The Texas Workforce Commission argued that the teacher was not entitled to unemployment benefits because he had been fired due to misconduct. An employee is disqualified from receiving unemployment benefits if the individual is discharged for misconduct related to their work. Therefore, the court of appeals examined the reasons for the employment action that had been taken.
The teacher was employed by the district for less than one school year. During that time, he filed multiple complaints about what he believed were instances of unlawful drug use and drug dealing by students and a teacher. The allegations were investigated and determined to have no merit. The teacher was warned that continuing to make unsubstantiated allegations could result in disciplinary action and the investigative findings noted that "there is an evident pattern of false allegations against African American students and teachers ... involving drugs."
During the course of his employment, the teacher also received multiple warnings for poor job performance, failure to maintain a professional demeanor and falsely accusing an administrator of asking him to change grades. He was also reprimanded for marking a student absent when the student was present in class.
At one point, campus administration requested to meet with the teacher to discuss more than 24 student complaints that had been made against him. At the conclusion of the meeting, the teacher grabbed an assistant principal by the arm and threatened to file a grievance against her. The principal informed the teacher that his behavior was unacceptable and unprofessional and that he would be recommended for termination of his probationary contract at the end of the school year.
The next day, he was placed on administrative leave with pay. He was directed to leave campus and report to HR, but instead he returned to the campus and began screaming obscenities. As he was being escorted off campus, he hit the principal with his bag and stated in a sarcastic tone, "Oh, I'm sorry, that was an accident."

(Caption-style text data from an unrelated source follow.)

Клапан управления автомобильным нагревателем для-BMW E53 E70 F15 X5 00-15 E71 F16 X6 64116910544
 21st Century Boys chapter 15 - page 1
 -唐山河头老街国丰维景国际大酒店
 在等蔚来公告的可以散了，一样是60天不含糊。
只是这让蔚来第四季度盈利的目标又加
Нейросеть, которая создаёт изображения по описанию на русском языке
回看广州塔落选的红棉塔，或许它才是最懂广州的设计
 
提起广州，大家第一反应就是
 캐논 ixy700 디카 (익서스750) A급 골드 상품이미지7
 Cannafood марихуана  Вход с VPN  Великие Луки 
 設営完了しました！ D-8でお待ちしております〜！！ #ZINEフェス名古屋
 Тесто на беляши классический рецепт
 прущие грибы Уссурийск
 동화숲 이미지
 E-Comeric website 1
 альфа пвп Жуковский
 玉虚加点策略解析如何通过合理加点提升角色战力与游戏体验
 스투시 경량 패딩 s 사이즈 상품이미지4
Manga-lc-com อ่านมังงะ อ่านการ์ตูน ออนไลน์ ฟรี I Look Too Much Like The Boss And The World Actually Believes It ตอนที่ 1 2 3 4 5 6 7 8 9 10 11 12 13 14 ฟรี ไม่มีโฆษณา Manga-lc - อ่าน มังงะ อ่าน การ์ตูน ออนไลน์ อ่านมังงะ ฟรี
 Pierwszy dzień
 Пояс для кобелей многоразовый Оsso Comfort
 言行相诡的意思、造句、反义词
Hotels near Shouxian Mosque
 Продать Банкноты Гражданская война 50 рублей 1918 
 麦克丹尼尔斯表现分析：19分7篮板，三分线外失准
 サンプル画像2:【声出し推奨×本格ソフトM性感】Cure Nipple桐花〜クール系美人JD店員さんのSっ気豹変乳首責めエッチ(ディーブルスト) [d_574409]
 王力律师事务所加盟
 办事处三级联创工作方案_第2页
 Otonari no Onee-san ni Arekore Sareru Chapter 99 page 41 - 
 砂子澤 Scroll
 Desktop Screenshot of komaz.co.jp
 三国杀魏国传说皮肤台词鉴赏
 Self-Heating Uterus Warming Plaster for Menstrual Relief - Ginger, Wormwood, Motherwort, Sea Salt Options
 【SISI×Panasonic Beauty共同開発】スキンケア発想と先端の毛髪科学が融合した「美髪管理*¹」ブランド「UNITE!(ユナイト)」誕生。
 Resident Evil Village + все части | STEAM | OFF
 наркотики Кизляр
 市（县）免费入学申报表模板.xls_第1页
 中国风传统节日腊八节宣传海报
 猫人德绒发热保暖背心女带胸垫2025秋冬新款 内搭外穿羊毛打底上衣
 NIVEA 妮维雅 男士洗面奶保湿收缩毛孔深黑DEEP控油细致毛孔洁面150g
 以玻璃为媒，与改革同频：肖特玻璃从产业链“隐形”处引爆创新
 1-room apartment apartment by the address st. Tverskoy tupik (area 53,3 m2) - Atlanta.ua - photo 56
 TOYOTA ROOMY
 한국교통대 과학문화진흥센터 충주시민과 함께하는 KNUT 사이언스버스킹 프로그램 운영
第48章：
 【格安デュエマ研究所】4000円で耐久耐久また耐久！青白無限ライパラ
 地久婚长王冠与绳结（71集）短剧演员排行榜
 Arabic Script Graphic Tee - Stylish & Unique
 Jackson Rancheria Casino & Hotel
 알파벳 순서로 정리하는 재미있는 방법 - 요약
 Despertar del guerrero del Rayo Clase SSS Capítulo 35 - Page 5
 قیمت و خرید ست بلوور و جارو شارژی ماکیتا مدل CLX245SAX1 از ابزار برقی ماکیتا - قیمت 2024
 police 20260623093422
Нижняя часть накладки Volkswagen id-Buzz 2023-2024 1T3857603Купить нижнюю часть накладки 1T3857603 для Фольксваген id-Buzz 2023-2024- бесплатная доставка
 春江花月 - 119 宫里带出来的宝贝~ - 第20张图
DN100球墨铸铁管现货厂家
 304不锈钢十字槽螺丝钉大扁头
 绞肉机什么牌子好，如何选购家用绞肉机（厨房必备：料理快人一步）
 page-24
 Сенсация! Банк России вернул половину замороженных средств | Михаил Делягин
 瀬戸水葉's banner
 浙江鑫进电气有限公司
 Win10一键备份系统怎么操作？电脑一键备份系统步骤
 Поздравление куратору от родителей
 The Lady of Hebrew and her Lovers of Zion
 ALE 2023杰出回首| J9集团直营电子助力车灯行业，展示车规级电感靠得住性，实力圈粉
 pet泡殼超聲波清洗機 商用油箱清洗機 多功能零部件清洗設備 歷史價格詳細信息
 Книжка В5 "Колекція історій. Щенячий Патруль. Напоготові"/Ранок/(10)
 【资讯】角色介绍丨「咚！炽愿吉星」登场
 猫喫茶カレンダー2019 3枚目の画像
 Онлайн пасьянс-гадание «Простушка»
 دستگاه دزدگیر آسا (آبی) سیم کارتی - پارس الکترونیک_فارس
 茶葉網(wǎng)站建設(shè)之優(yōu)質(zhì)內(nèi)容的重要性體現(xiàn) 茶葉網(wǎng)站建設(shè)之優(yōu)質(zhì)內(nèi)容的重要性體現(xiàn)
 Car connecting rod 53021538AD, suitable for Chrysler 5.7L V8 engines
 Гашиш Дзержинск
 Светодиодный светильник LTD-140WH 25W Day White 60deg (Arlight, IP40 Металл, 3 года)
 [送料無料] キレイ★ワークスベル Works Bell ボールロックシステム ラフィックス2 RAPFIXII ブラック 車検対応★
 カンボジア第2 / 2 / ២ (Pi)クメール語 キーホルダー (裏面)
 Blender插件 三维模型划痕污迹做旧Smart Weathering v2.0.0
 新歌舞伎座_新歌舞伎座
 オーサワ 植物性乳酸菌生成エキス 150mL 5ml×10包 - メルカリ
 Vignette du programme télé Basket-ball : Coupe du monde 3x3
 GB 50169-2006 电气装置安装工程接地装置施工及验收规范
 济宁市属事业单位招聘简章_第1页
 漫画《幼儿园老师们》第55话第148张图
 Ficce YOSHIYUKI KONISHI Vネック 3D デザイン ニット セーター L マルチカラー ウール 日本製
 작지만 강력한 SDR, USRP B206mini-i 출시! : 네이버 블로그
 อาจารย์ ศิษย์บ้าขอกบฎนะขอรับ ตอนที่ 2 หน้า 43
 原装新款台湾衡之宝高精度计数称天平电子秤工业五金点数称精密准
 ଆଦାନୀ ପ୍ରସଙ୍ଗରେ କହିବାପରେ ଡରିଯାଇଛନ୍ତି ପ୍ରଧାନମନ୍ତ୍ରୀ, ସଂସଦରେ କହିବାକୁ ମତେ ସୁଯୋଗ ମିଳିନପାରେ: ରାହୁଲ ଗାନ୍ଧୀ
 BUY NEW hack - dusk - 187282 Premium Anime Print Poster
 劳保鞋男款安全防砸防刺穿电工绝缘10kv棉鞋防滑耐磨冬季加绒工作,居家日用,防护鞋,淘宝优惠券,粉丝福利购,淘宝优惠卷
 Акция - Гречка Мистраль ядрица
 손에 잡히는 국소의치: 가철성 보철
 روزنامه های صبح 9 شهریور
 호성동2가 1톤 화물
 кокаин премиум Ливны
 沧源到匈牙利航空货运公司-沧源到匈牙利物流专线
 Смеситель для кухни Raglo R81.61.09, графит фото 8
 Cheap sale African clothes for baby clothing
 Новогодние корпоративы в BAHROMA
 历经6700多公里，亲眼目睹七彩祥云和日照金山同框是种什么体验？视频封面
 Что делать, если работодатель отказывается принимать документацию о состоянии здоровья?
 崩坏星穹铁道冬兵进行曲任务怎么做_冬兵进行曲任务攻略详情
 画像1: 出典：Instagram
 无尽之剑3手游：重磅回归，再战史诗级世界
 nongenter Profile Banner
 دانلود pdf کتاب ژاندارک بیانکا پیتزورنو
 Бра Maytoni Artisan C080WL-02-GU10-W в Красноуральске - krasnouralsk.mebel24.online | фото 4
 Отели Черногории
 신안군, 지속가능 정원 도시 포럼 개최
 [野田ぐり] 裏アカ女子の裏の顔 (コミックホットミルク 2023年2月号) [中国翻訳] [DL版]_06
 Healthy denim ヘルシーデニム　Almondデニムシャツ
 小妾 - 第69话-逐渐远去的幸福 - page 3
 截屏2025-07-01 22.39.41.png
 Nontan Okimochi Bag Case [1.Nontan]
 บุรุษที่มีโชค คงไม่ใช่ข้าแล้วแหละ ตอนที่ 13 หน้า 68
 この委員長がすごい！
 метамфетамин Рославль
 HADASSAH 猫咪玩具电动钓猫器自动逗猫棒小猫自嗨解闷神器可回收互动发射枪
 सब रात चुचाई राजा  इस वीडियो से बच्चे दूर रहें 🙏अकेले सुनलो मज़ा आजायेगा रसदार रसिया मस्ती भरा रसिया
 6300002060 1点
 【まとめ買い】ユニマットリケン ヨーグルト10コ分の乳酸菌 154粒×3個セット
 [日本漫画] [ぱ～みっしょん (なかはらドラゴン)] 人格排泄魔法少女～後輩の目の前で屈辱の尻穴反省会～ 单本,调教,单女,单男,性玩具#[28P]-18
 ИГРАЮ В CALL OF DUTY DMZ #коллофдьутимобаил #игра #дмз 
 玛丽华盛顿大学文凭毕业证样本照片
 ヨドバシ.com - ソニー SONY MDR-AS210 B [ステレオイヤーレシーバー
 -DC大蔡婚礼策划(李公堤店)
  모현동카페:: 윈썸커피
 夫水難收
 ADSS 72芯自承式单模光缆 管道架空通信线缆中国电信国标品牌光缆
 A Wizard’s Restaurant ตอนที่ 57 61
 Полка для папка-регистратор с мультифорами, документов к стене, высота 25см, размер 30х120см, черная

The court of appeals noted that, in the context of unemployment benefits, "misconduct" means "mismanagement of a position of employment by action or inaction, neglect that jeopardizes the life or property of another, intentional wrongdoing or malfeasance, intentional violation of a law, or violation of a policy or rule adopted to ensure the orderly work and the safety of employees."
As applied to this case, the teacher engaged in misconduct by falsely accusing students and teachers of drug use and/or dealing drugs, poor work performance, and assaulting his principal. Therefore, the teacher was disqualified from receiving unemployment benefits.